四百年の誓い

 「今のご時世、就職も大変だろう。それを何とかするのが我々政治家の務めであるんだがね。美月姫さんに関しては、京のこともあるし、特別に相談に乗ろうと考えている」


 「か、幹事長それは」


 さすがに父親も戸惑う。


 「美月姫さんは美人だし勉学優秀とも聞く。だが少々自己PR力に欠けている面があるようだ。このままだと就職活動で損をしかねない。優秀な人材を埋もれさせておくのは、社会全体の損失だと思わないかね、会長さん?」


 急に父親の会社の会長に、丸山は話題を振った。


 「そりゃあ、大村くんのところのお嬢さんで、しかも幹事長の推薦もあるならば、優先的に話を進めさせていただきますが。ですがうちの会社だったらお嬢さんのような人材には、いささかもったいなさ過ぎやしませんかね」


 丸山と会長は、勝手に美月姫の就職斡旋話を進めている。


 卒業までまだ二年以上あるにもかかわらず。


 しかし現在の不景気なご時世、今のうちから就職を心配するのは決して早すぎることではない。
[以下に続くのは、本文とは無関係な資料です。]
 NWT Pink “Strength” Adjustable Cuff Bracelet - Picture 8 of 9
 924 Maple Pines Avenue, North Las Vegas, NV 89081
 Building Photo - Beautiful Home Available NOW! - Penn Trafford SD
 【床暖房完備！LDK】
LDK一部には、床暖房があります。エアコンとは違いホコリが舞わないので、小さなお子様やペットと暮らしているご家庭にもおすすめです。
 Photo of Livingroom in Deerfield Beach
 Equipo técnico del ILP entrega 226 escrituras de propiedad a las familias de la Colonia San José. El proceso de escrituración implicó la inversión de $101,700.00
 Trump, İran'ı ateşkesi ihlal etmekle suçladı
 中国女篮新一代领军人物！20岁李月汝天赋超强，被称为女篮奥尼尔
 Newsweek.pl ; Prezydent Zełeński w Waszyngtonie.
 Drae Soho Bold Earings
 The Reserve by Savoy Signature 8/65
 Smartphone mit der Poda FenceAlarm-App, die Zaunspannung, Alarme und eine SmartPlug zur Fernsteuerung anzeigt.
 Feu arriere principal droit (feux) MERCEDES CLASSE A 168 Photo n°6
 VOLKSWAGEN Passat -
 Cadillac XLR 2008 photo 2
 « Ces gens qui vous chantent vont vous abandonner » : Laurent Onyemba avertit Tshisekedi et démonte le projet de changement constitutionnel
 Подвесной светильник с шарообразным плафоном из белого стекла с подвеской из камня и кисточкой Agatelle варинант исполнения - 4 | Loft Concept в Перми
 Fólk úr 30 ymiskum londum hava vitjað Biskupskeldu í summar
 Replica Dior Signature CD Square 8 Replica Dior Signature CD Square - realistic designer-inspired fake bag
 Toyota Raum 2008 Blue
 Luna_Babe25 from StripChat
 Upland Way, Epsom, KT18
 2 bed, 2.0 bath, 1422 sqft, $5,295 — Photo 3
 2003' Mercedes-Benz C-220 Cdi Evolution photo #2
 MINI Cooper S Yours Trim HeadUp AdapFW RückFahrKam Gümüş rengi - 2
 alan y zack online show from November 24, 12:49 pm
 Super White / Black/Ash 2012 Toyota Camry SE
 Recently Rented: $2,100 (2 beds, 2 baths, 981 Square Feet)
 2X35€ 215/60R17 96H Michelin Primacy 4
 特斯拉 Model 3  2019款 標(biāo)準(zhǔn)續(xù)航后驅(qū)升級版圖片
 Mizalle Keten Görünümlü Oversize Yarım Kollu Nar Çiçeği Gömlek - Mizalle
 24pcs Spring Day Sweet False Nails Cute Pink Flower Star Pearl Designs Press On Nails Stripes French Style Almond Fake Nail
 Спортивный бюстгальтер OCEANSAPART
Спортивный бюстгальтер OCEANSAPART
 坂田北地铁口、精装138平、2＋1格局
 (おとなしくしていれば、幹事長のコネでいいところに就職させてもらえるのだろうか)


 いずれ優雅と引き裂かれ、この京と結婚させられる運命を美月姫はひしひしと感じていた。


 (ならばせめて、この京さんが優雅くんに似た、誠実で優しい人であれば)


 そんな望みにすがったりもする。


 丸山は優雅のことに関するような、もしくは美月姫を窮地に追い込むような嫌がらせ的問答は皆無で。


 ひたすら美月姫と京の仲を深めようという意図が感じられた。